(Beginning of RECORDS)

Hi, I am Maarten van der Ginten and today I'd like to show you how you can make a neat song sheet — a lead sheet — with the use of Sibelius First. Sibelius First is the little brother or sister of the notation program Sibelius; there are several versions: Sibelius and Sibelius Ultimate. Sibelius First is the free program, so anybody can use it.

(End of RECORDS)
(Beginning of RECORDS)

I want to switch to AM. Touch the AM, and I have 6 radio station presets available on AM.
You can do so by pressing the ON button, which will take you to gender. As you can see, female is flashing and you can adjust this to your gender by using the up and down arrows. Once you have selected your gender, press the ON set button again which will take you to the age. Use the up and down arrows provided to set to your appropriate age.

(End of RECORDS)
(Beginning of RECORDS)

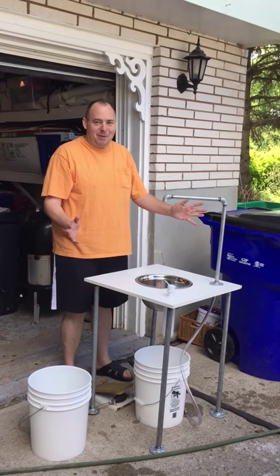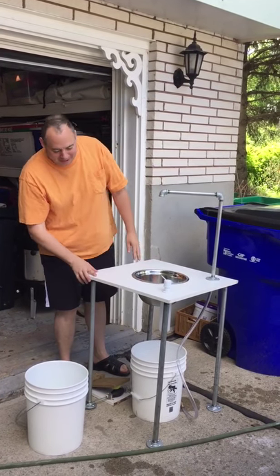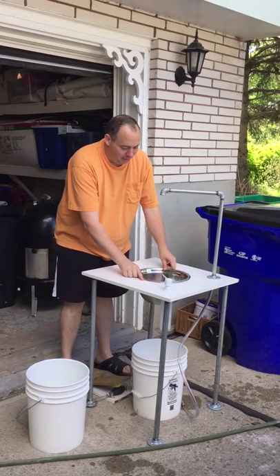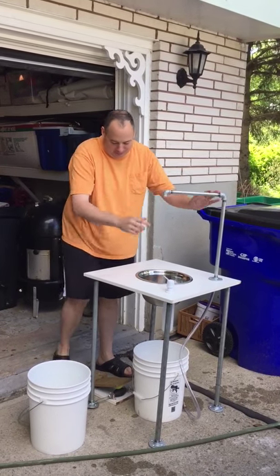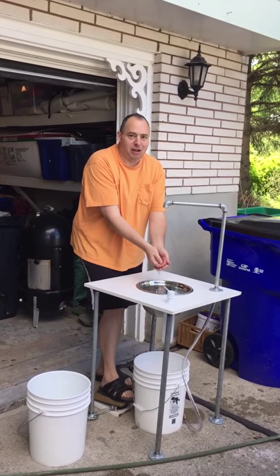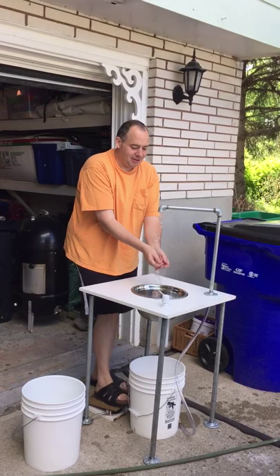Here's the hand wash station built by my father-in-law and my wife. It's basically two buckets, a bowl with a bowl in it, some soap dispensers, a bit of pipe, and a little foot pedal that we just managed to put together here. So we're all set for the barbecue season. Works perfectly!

(End of RECORDS)

EXERCISE DIRECTIONS: When a line in the data contains the string "have", copy that line.

WRITTEN ANSWER:
I want to switch to AM. Touch the AM, and I have 6 radio station presets available on AM.
You can do so by pressing the ON button, which will take you to gender. As you can see, female is flashing and you can adjust this to your gender by using the up and down arrows. Once you have selected your gender, press the ON set button again which will take you to the age. Use the up and down arrows provided to set to your appropriate age.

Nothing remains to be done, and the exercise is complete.